La democracia en Argentina ha dejado de ser un sistema de deliberación plural, de diálogo y de construcción colectiva, y se está convirtiendo en un vehículo de liderazgos personalistas. El estimado politólogo argentino GuillermoO’Donnell ya advertía que muchas democracias latinoamericanas atraviesan lo que él llamó una “ciudadanía de baja intensidad”: ciudadanos que tienen el derecho a votar, pero a los que les cuesta ejercer de verdad sus derechos civiles, sociales y ambientales porque el Estado no logra hacer cumplir la legalidad de modo uniforme, ni respeta sus instituciones.
En nuestro país esa definición cobra sentido cuando observamos que la calidad de la democracia no depende únicamente de los comicios, sino del modo en que se construyen —o destruyen— mecanismos de diálogo, participación y acuerdos entre distintas fuerzas políticas, sociales y territoriales. Cuando esa dimensión se debilita, la democracia se convierte en un escenario más propicio para lo personalista: liderazgos que apelan a la figura, al discurso polarizado, antes que a la construcción de instituciones fuertes y participativas. El peligro es que, cuando esa lógica se naturaliza, las soluciones comunes que requieren negociación y construcción conjunta son desplazadas por posiciones extremas, a menudo simplificadoras, cuya fortaleza radica en la concentración del poder.
Una de las consecuencias claras de esa dinámica es el debilitamiento de la capacidad del Estado para responder a desafíos colectivos de largo plazo, como es el climático. Estamos a menos de un mes de la COP30, que tendrá lugar en Brasil, y el gobierno aún no ha clarificado si va a expedir las acreditaciones para que participen todos los actores relevantes, ni tampoco ha presentado su actualización de las NDC (Contribuciones Determinadas a Nivel Nacional). Esto no es un detalle técnico, implica que el país queda marginado de un foro clave, perdiendo capacidad de negociación global y credibilidad internacional.
Cuando una democracia pierde capacidad de diálogo interno —entre gobierno nacional, gobiernos subnacionales, sociedad civil y distintos actores—, la respuesta institucional al cambio climático se resiente. Una democracia que no articula estos niveles y que no incluye estas voces, está funcionando a medias, con ciudadanos que participan (aunque cada vez menos) en las urnas, pero no en la construcción de políticas públicas.
Sin embargo, no todo está perdido. Allí donde los gobiernos locales, las provincias y la sociedad civil han logrado articular agendas de diálogo, han surgido espacios esperanzadores. Por ejemplo, el COFEMA (Consejo Federal de Medio Ambiente) es una de esas instancias que dan señales positivas. Asimismo, los estados provinciales han mostrado buena dinámica de cooperación, por ejemplo en el marco de la Semana del Clima de Rosario, en la Conferencia Climática Internacional CCI25 de Córdoba, y sobre todo en el Encuentro Federal Camino a la COP30 de Entre Ríos.

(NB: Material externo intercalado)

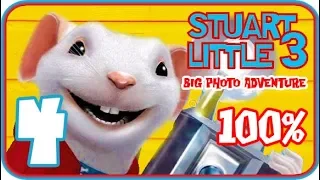 Stuart Little 3: Big Photo Adventure Walkthrough Part 4 (PS2) 100% Forest Part 2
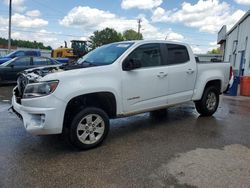 Salvage cars for sale from Copart Montgomery, AL: 2017 Chevrolet Colorado
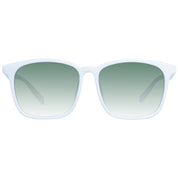 Spy White Unisex Sunglasses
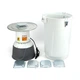 Зернодробилка Фермер КРВ-3400/60L 1.3 кВт, 400 кг/час, 60 л., кормоизмельчитель для зерна и початков кукурузы (З01-015) - изображение 5
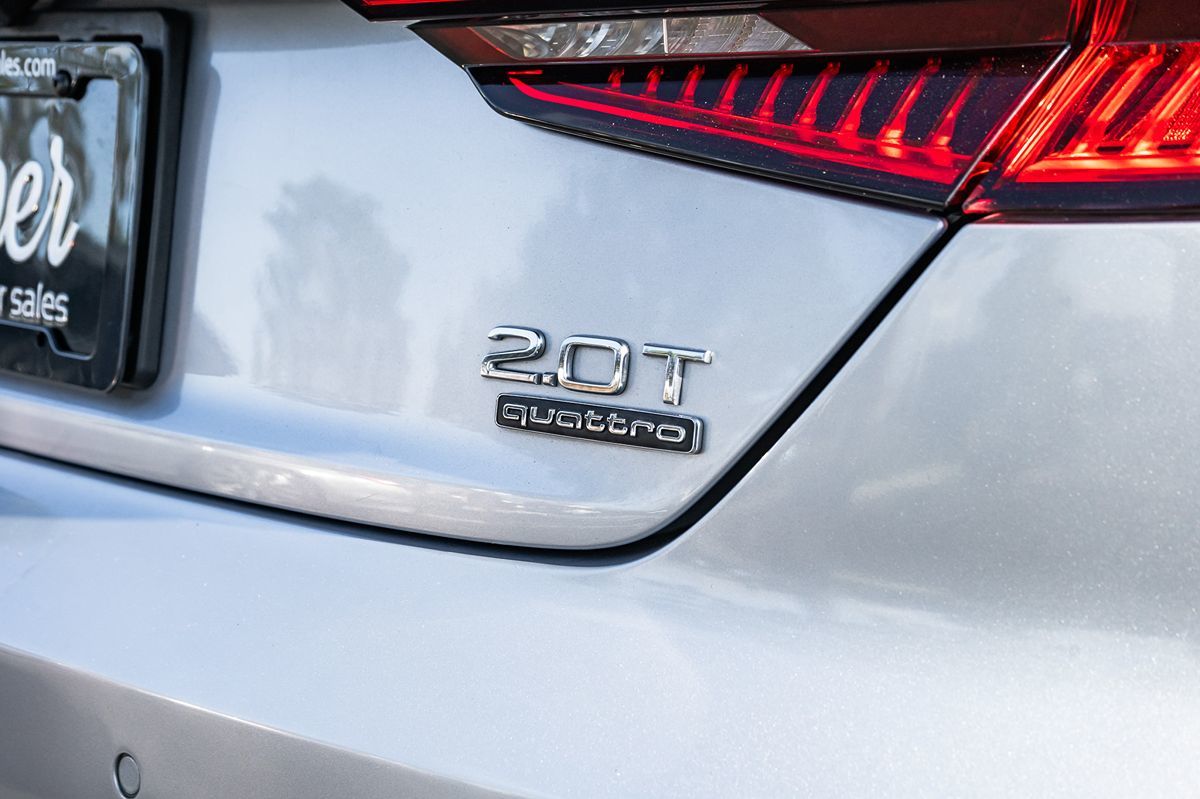 2018 Audi A5 Prestige photo 4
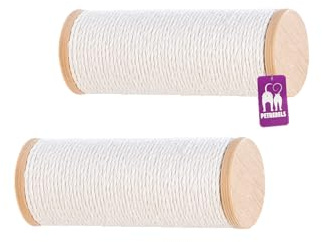Petrebels Kletterwand, Katzentreppe Horizon 1530 (2-er Set), Kratzbaum Wand, Stufen Wandmontage, Holz Farbe Eiche-Rustikal Look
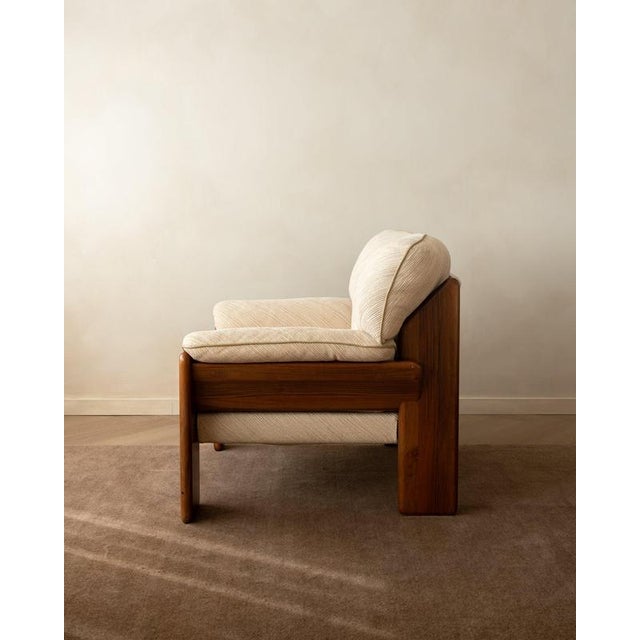 Mid-Century Modern Sapporo Lounge Chair by Mario Marenco for Mobil Girgi, 1970s For Sale - Image 3 of 18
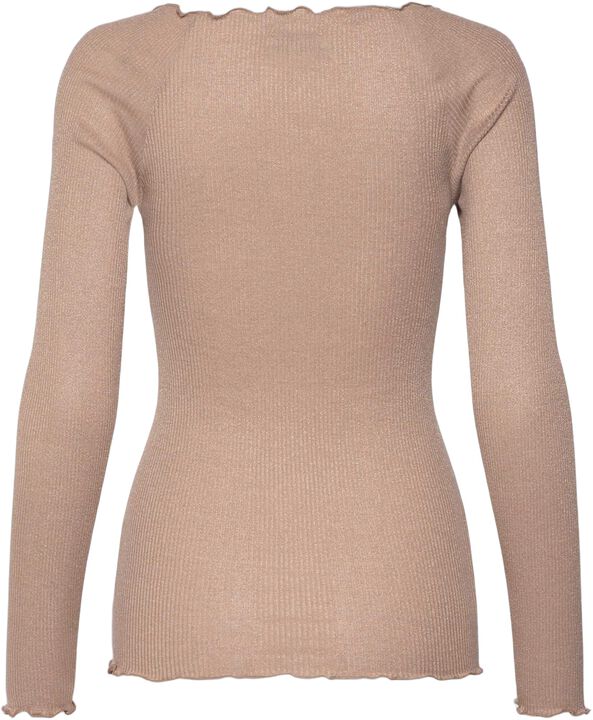 RWBliss Silk LS Boatneck t-shirt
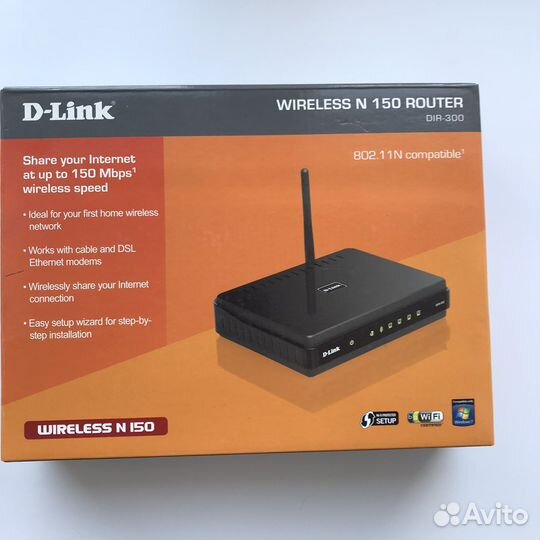 Wifi роутер. D-Link dir- 300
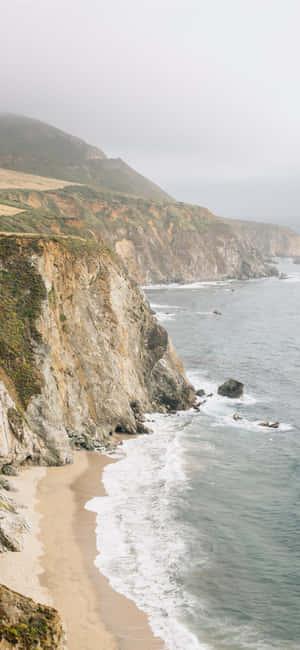 Big Sur bakgrunn — Moto G Stylus (2026) Bakgrunner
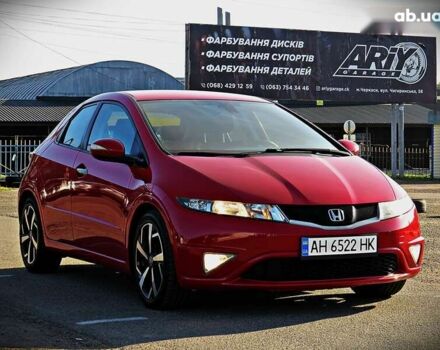 Хонда Цивик, объемом двигателя 1.8 л и пробегом 113 тыс. км за 9800 $, фото 1 на Automoto.ua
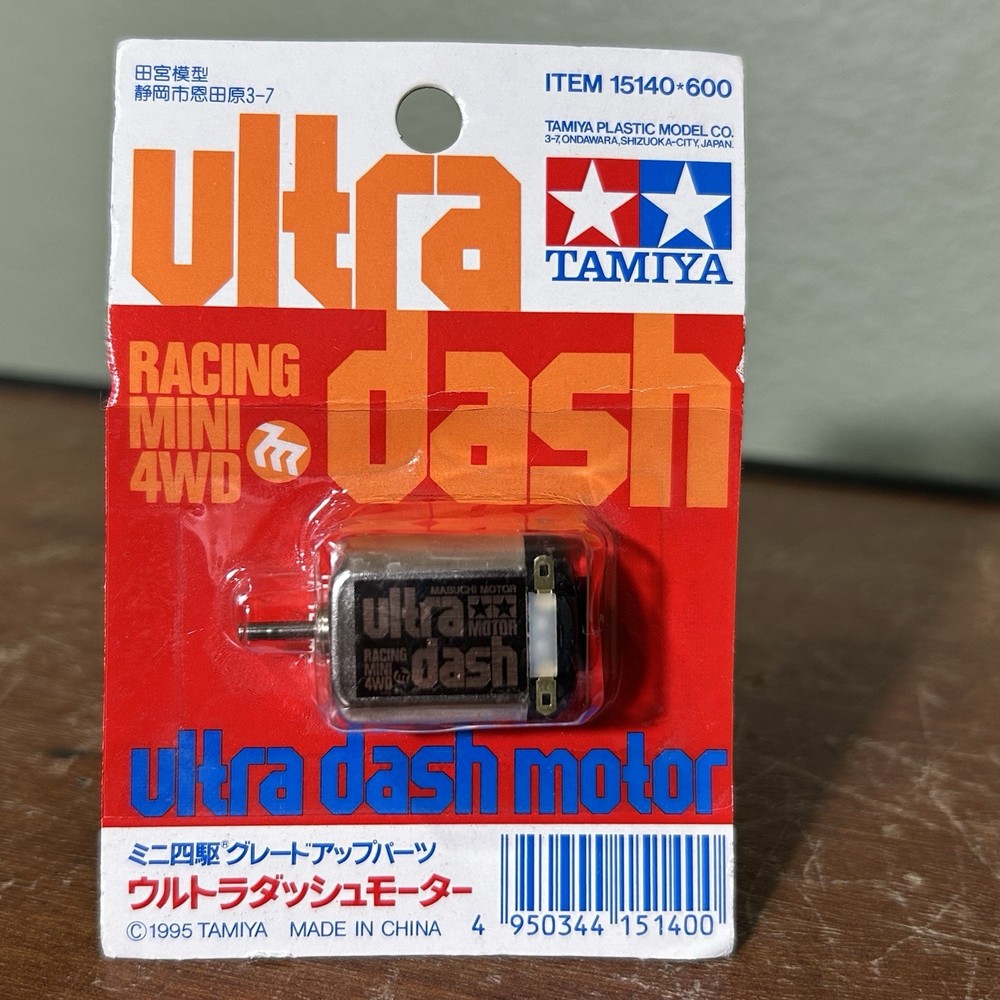 TAMIYA Ultra Dash Motor Racing Mini 4WD New – Ships From US – Item 15140-600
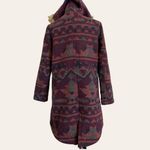 BB Dakota Aztec coat w faux fur hood - size medium NWOT. NEW! Photo 3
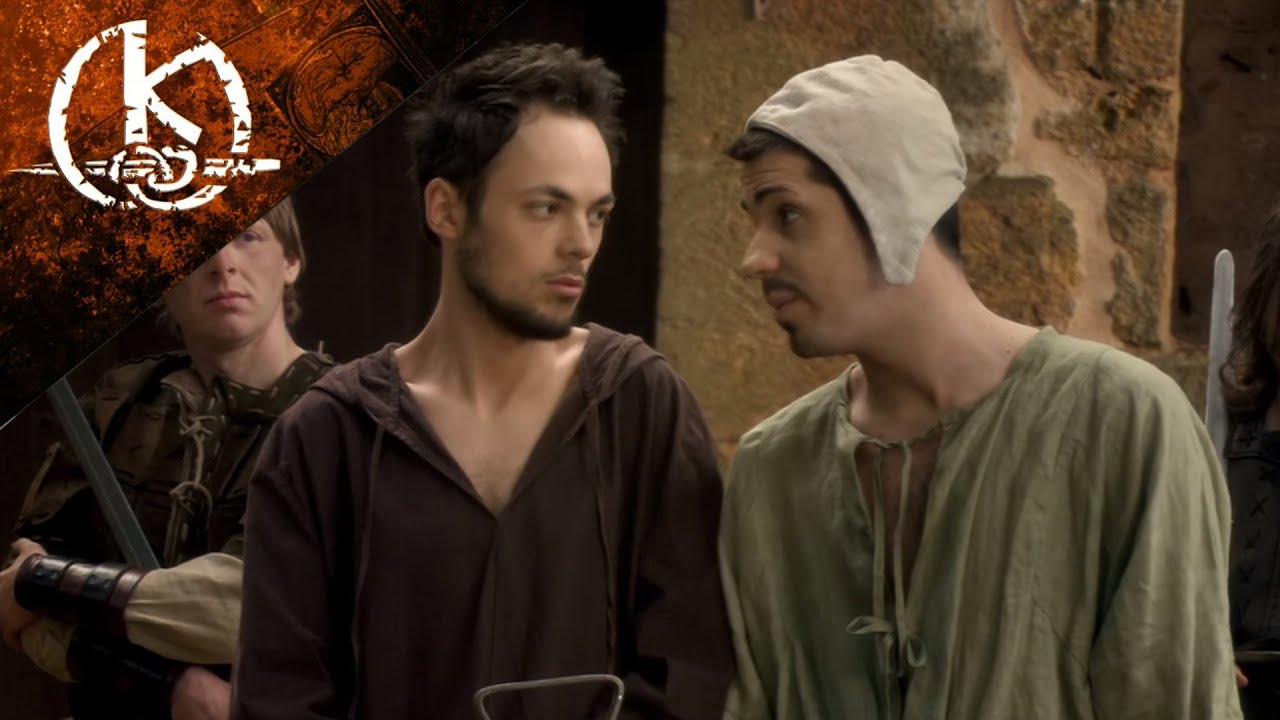 Le grand d&eacute;part - Kaamelott - Livre IV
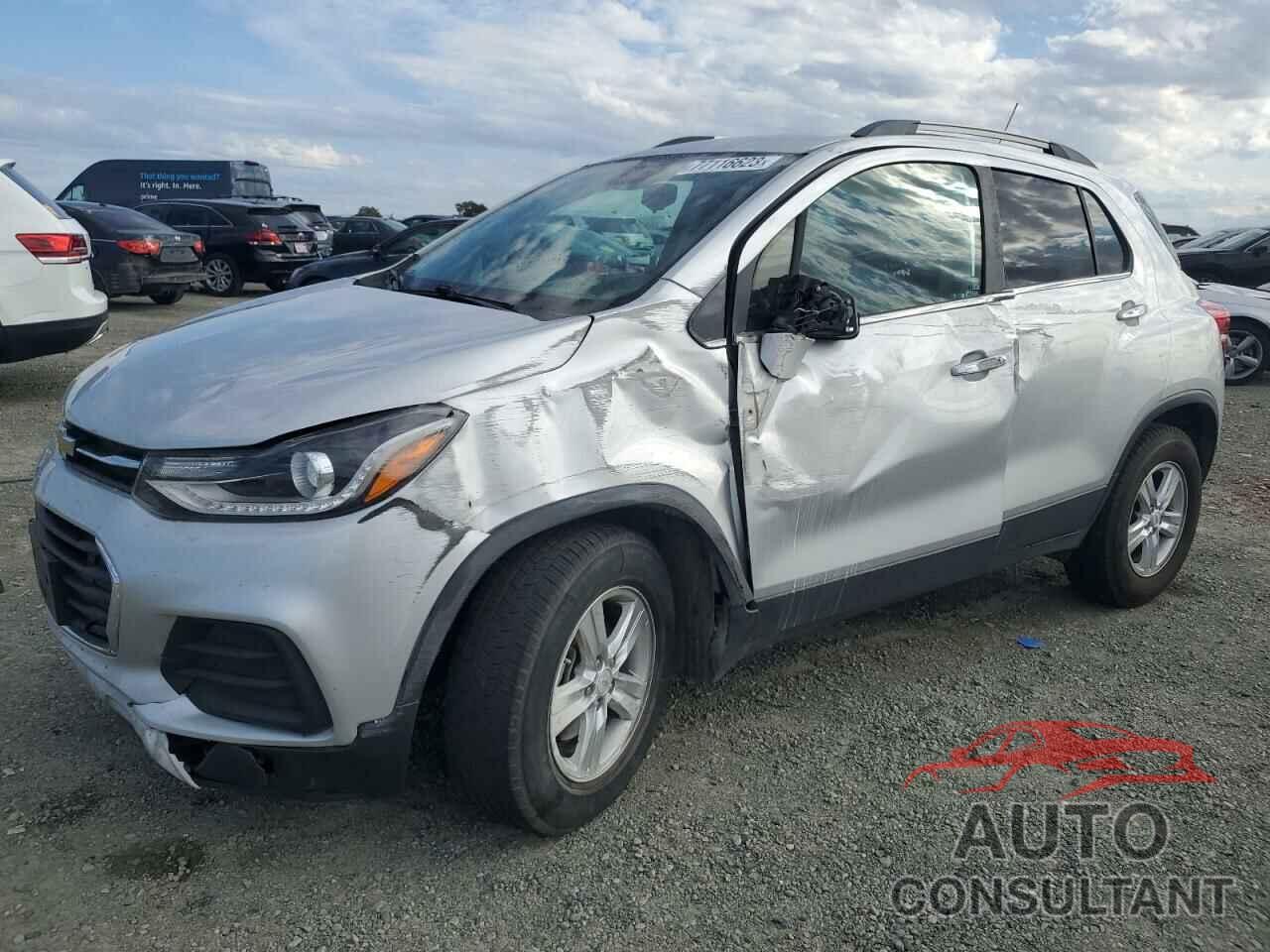 CHEVROLET TRAX 2019 - KL7CJPSB3KB825908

En este sentido, si queremos una democracia de calidad, debemos apostar al diálogo y la deliberación, al fortalecimiento de las instituciones y de la participación plural. Una democracia que se convierte en escenario de liderazgos que prescinden de partidos fuertes y de ideas sólidas, se debilita. O’Donnell identificó el riesgo de las “democracias delegativas”: regímenes donde un líder actúa como si tuviera derecho especial para gobernar sin control horizontal. En esos escenarios, la ciudadanía queda reducida al papel de elector pasivo, y la deliberación se empobrece, la institucionalidad se gasta, y los derechos sufren. Es decir, dejamos de ser ciudadanos para convertirnos en meros habitantes.
En el marco ambiental, esa debilidad democrática tiene efectos palpables. Cuando no hay una política nacional coherente ni una participación real, los procesos de definición de metas climáticas, de búsqueda de financiamiento e implementación de políticas se traban.
La calidad de la democracia está estrechamente vinculada con nuestra capacidad para afrontar los grandes desafíos públicos, como el cambio climático. La Argentina debe participar con fuerza en la COP30, presentar sus NDC actualizadas, y lo más importante, construir una agenda climática viable. Para eso, es necesario antes recuperar ese hábito democrático de debatir, de combinar voluntades diversas. Solo así la democracia deja de ser delegativa y se transforma en instrumento de ciudadanía plena.